Given data
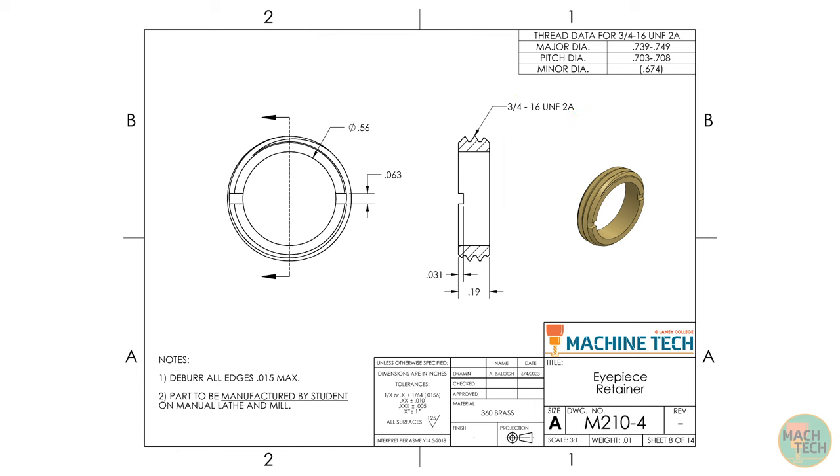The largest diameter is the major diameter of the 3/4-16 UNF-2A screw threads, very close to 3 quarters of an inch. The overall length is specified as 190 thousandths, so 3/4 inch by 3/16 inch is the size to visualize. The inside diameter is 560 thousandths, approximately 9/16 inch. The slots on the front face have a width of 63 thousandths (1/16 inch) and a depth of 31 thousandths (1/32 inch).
* * *
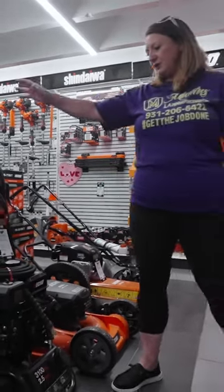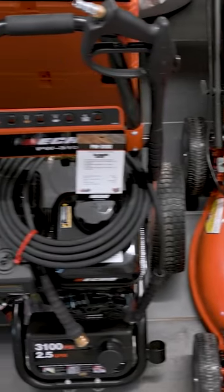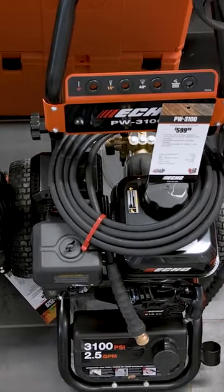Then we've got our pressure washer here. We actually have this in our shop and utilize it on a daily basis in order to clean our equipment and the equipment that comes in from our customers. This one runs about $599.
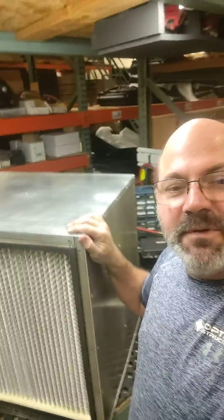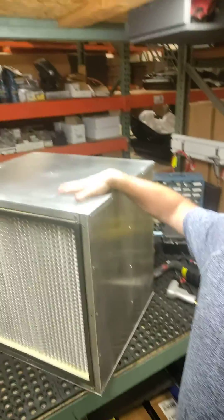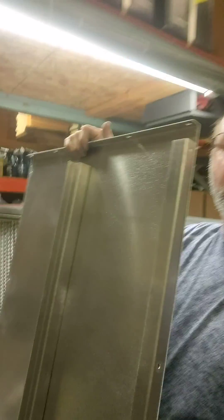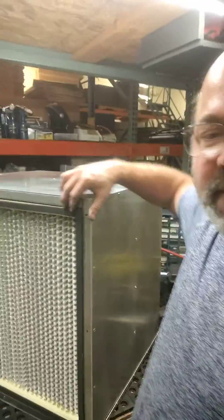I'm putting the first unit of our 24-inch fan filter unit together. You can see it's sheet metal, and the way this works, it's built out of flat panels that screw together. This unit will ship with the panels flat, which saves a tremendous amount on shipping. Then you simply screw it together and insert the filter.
---
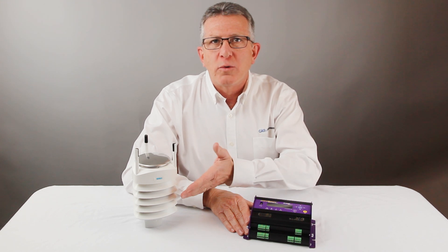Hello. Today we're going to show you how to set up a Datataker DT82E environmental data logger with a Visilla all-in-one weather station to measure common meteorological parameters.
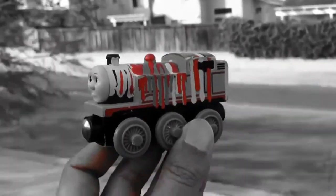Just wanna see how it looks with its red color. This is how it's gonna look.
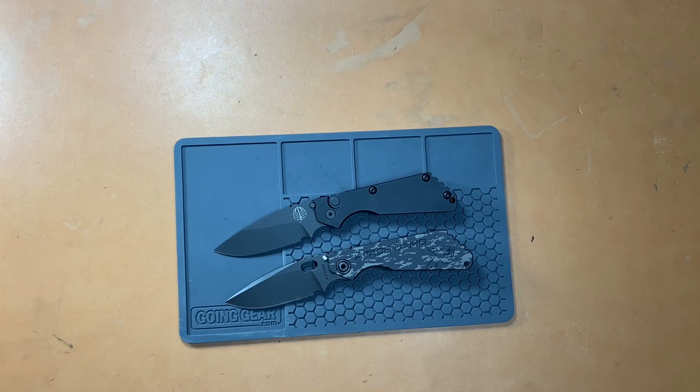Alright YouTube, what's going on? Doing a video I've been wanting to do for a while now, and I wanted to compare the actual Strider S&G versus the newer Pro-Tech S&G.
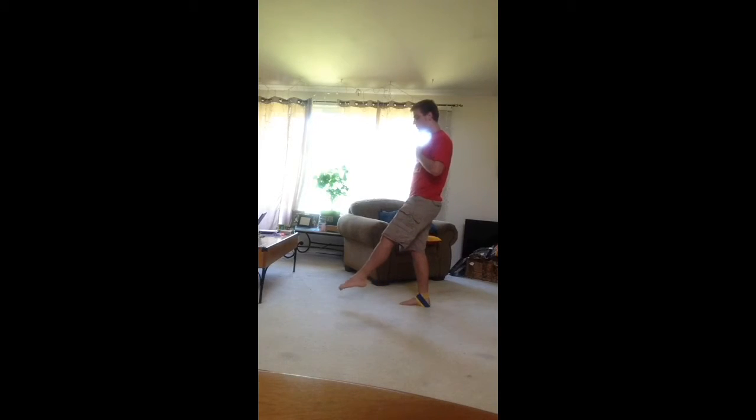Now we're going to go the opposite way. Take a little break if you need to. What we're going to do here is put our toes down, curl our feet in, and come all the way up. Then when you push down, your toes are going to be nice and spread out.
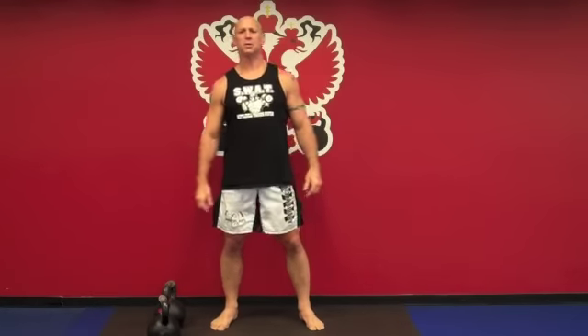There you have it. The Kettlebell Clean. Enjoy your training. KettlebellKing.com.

Instructions to follow
Using the data above, set down each line from the line with "Alright YouTube, what's" to the line with "There you have" exactly, both ends included, and leave the pictures behind. Nothing else belongs.

Solution for this task
Alright YouTube, what's going on? Doing a video I've been wanting to do for a while now, and I wanted to compare the actual Strider S&G versus the newer Pro-Tech S&G.
Now we're going to go the opposite way. Take a little break if you need to. What we're going to do here is put our toes down, curl our feet in, and come all the way up. Then when you push down, your toes are going to be nice and spread out.
There you have it. The Kettlebell Clean. Enjoy your training. KettlebellKing.com.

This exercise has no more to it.